EXERCISE
Reproduction of part of the material below, pictures omitted: copy exactly, and only, the lines starting with the one with "MGDOHOME cleanfit" and going on through the one with "Ứng dụng hubet app trên điện thoại di động".

GIVEN INFORMATION
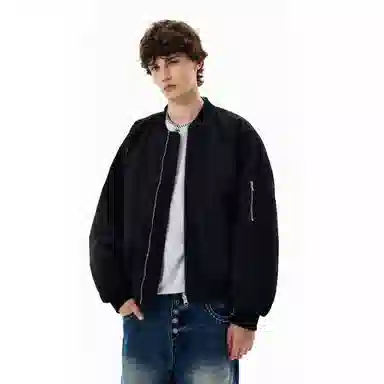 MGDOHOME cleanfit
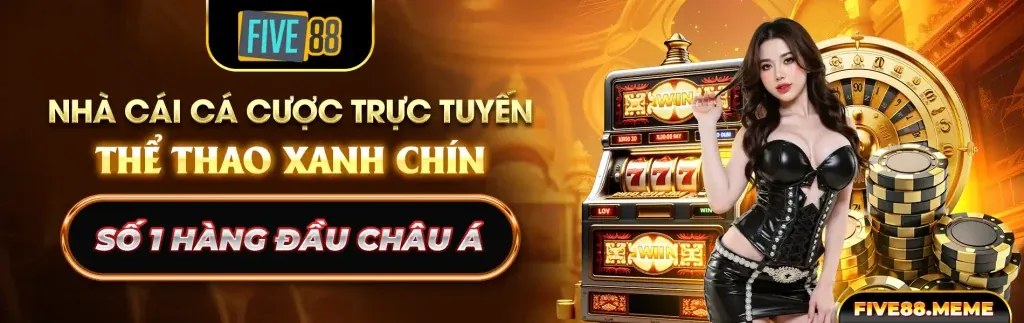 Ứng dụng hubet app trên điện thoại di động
---
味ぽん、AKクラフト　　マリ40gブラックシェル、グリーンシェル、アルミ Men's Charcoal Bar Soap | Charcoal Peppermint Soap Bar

EXERCISE RESULT
 MGDOHOME cleanfit
 Ứng dụng hubet app trên điện thoại di động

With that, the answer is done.